DAFT: Distilling Adversarially Fine-tuned Models for Better OOD Generalization
This addresses the fragility of deep learning models to distribution shifts, offering improved OOD generalization for applications requiring reliable performance in varied environments, though it appears incremental as it builds on existing adversarial training and distillation techniques.
The paper tackles the problem of out-of-distribution (OOD) generalization in deep learning by proposing DAFT, a method that distills knowledge from adversarially fine-tuned teachers to improve robustness, achieving up to 6% accuracy gains over state-of-the-art methods on standard benchmarks.
We consider the problem of OOD generalization, where the goal is to train a model that performs well on test distributions that are different from the training distribution. Deep learning models are known to be fragile to such shifts and can suffer large accuracy drops even for slightly different test distributions. We propose a new method - DAFT - based on the intuition that adversarially robust combination of a large number of rich features should provide OOD robustness.

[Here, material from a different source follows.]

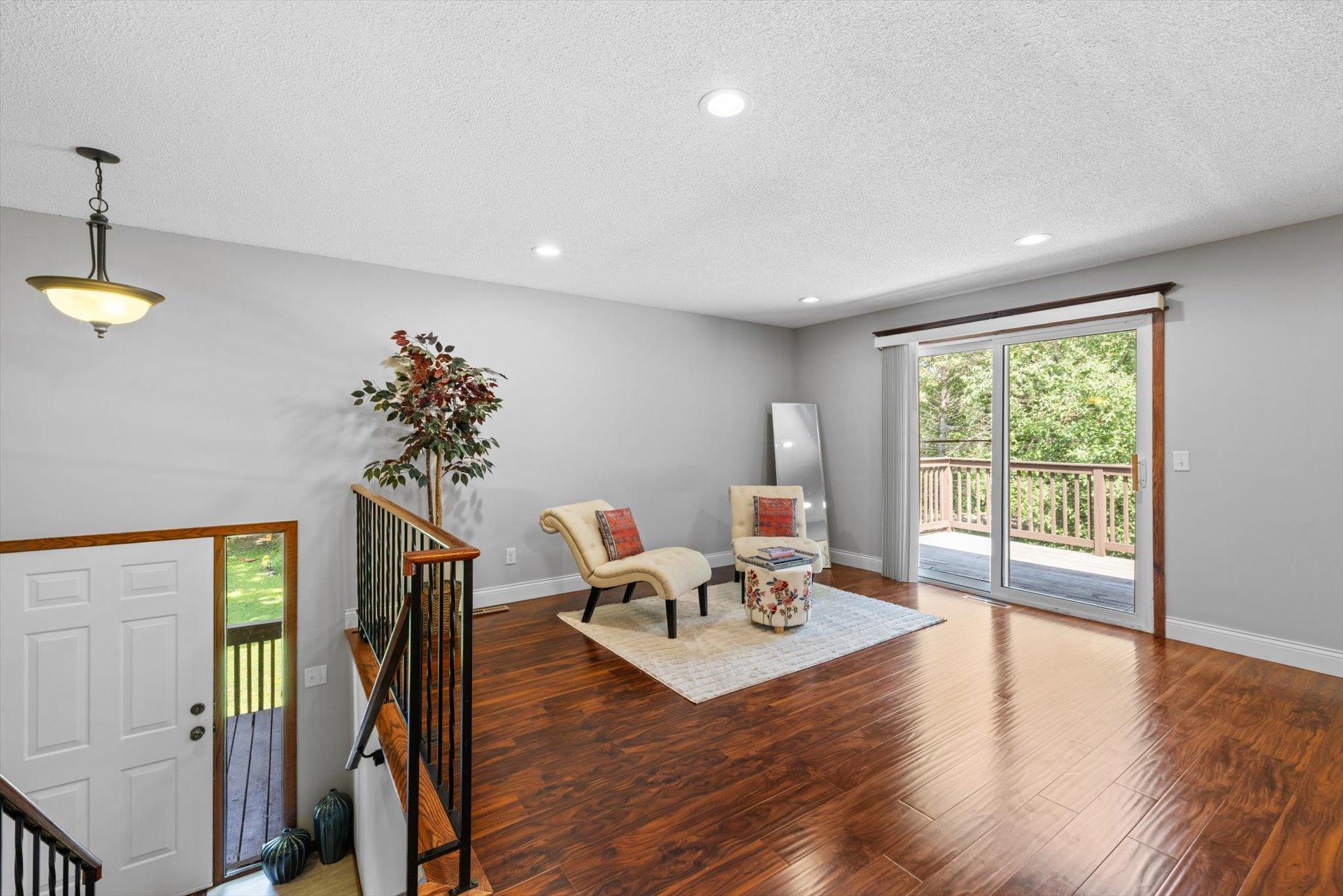 7405 Scot Ter, Eden Prairie, MN 55346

Our method carefully distills the knowledge from a powerful teacher that learns several discriminative features using standard training while combining them using adversarial training. The standard adversarial training procedure is modified to produce teachers which can guide the student better. We evaluate DAFT on standard benchmarks in the DomainBed framework, and demonstrate that DAFT achieves significant improvements over the current state-of-the-art OOD generalization methods. DAFT consistently out-performs well-tuned ERM and distillation baselines by up to 6%, with more pronounced gains for smaller networks.